▶ Material provided

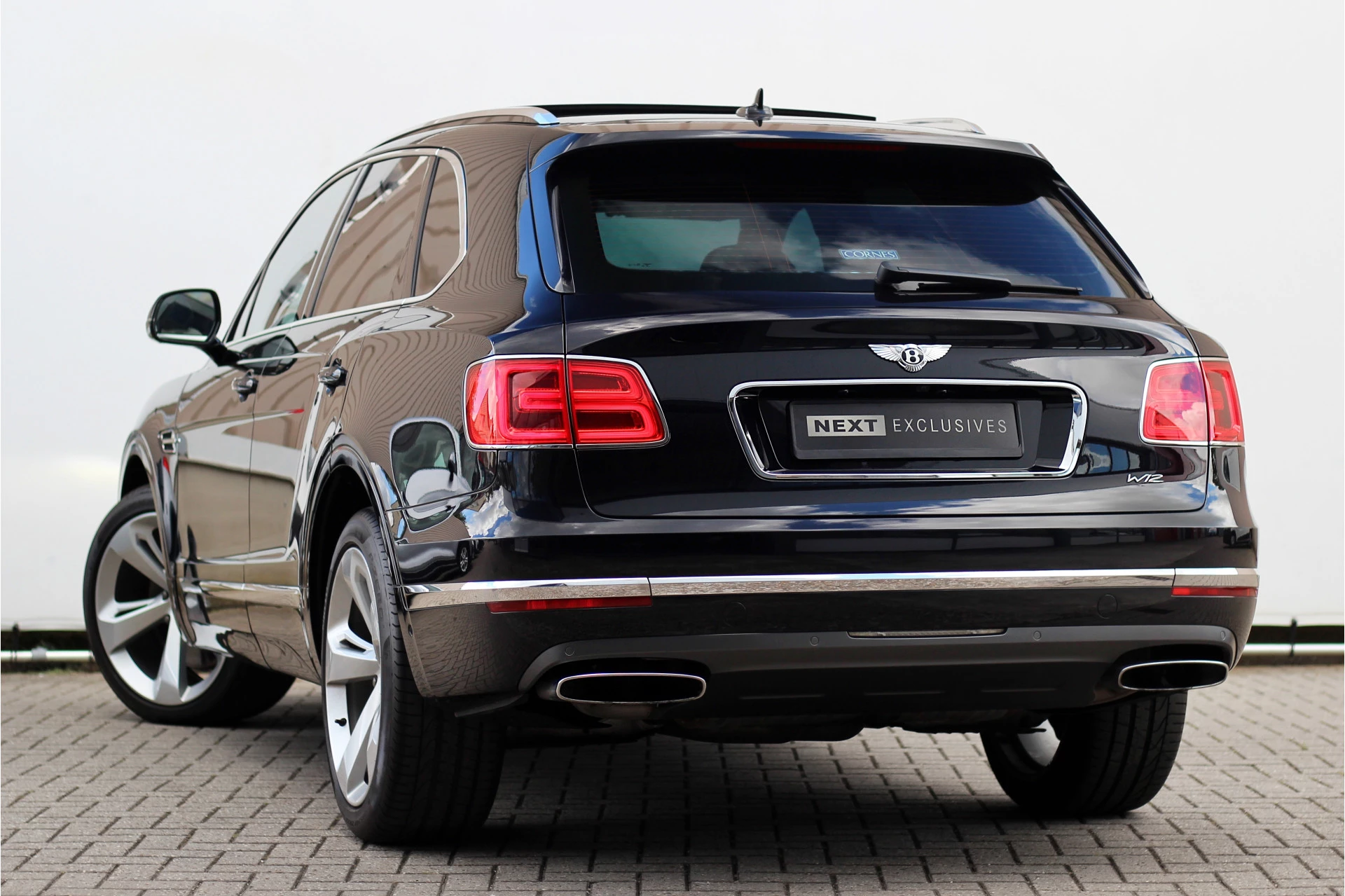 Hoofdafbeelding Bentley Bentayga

==

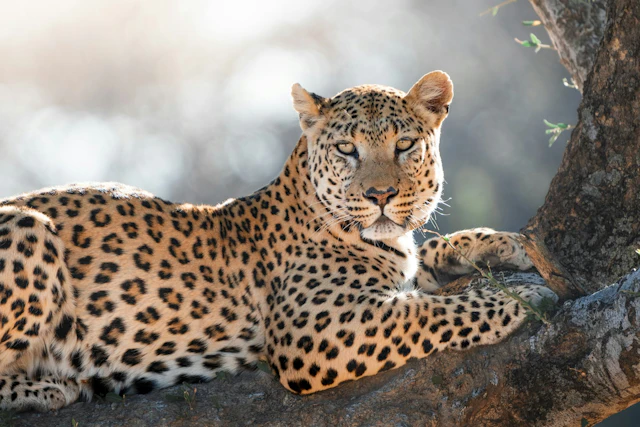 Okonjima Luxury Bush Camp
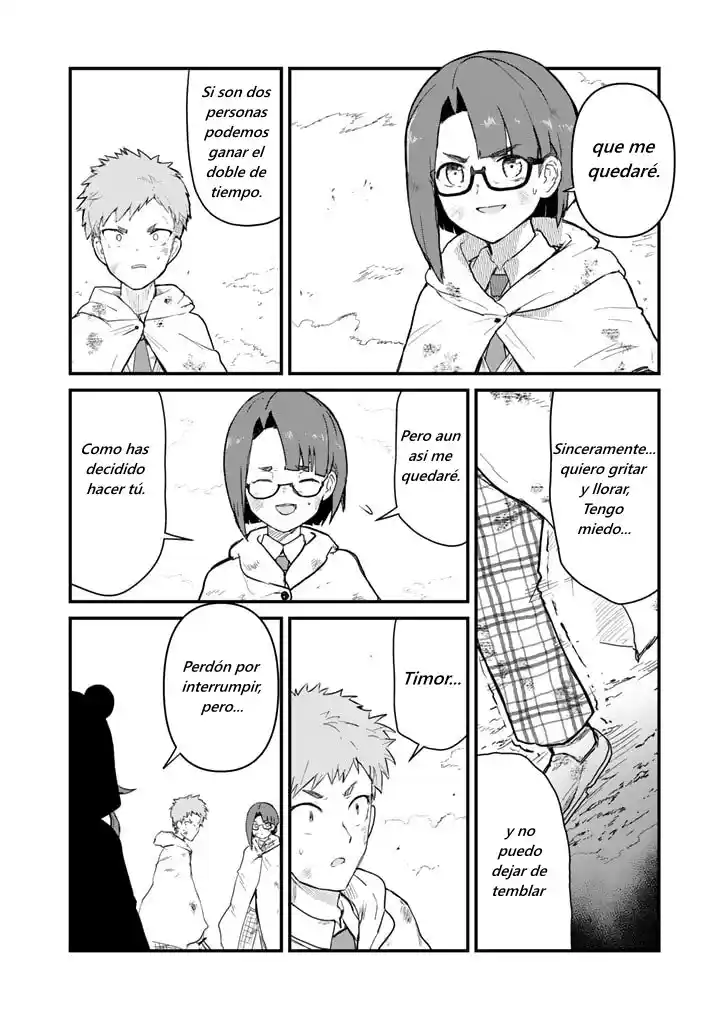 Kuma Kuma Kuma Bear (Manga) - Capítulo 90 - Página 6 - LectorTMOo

==

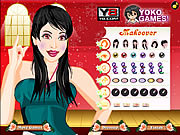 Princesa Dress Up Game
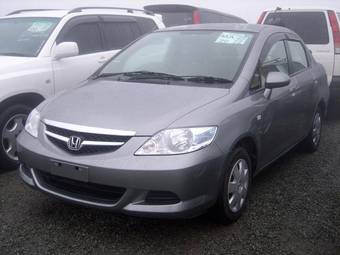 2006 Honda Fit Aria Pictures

▶ Activity
Look above for the line with "Princesa Dress Up Game" and the line with "2006 Honda Fit Aria Pictures". Output those two and everything between them exactly, pictures excluded.

▶ Output
 Princesa Dress Up Game
 2006 Honda Fit Aria Pictures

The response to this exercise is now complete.